### WHAT THIS TASK INVOLVES
Would you transcribe the records word for word, please?

### DATASET
○ ○ ○ ○ ○

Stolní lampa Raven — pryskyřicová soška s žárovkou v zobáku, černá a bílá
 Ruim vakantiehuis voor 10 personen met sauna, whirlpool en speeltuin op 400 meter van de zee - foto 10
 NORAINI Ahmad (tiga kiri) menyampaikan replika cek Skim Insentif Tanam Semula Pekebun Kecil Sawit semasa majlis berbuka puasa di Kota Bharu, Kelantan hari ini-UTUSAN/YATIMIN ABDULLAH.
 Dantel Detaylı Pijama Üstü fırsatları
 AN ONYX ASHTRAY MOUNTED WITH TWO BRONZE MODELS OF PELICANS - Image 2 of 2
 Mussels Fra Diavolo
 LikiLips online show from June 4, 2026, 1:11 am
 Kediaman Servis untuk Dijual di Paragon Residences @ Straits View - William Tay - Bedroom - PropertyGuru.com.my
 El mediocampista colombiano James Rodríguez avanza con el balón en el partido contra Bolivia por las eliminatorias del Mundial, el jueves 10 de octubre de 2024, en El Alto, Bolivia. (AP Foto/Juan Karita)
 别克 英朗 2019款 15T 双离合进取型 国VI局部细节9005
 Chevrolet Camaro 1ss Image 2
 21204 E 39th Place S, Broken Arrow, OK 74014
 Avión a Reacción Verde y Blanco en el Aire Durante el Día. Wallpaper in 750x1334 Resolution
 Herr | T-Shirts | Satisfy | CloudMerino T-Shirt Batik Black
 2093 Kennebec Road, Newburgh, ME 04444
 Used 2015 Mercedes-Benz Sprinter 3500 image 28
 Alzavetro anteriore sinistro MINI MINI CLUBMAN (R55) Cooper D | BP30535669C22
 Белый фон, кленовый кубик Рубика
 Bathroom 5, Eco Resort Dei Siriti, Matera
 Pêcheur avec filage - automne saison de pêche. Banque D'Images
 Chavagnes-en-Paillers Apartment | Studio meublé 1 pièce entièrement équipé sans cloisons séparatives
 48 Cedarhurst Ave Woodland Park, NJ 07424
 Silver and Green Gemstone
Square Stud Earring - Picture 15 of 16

○ ○ ○ ○ ○

### EXERCISE RESPONSE
Stolní lampa Raven — pryskyřicová soška s žárovkou v zobáku, černá a bílá
 Ruim vakantiehuis voor 10 personen met sauna, whirlpool en speeltuin op 400 meter van de zee - foto 10
 NORAINI Ahmad (tiga kiri) menyampaikan replika cek Skim Insentif Tanam Semula Pekebun Kecil Sawit semasa majlis berbuka puasa di Kota Bharu, Kelantan hari ini-UTUSAN/YATIMIN ABDULLAH.
 Dantel Detaylı Pijama Üstü fırsatları
 AN ONYX ASHTRAY MOUNTED WITH TWO BRONZE MODELS OF PELICANS - Image 2 of 2
 Mussels Fra Diavolo
 LikiLips online show from June 4, 2026, 1:11 am
 Kediaman Servis untuk Dijual di Paragon Residences @ Straits View - William Tay - Bedroom - PropertyGuru.com.my
 El mediocampista colombiano James Rodríguez avanza con el balón en el partido contra Bolivia por las eliminatorias del Mundial, el jueves 10 de octubre de 2024, en El Alto, Bolivia. (AP Foto/Juan Karita)
 别克 英朗 2019款 15T 双离合进取型 国VI局部细节9005
 Chevrolet Camaro 1ss Image 2
 21204 E 39th Place S, Broken Arrow, OK 74014
 Avión a Reacción Verde y Blanco en el Aire Durante el Día. Wallpaper in 750x1334 Resolution
 Herr | T-Shirts | Satisfy | CloudMerino T-Shirt Batik Black
 2093 Kennebec Road, Newburgh, ME 04444
 Used 2015 Mercedes-Benz Sprinter 3500 image 28
 Alzavetro anteriore sinistro MINI MINI CLUBMAN (R55) Cooper D | BP30535669C22
 Белый фон, кленовый кубик Рубика
 Bathroom 5, Eco Resort Dei Siriti, Matera
 Pêcheur avec filage - automne saison de pêche. Banque D'Images
 Chavagnes-en-Paillers Apartment | Studio meublé 1 pièce entièrement équipé sans cloisons séparatives
 48 Cedarhurst Ave Woodland Park, NJ 07424
 Silver and Green Gemstone
Square Stud Earring - Picture 15 of 16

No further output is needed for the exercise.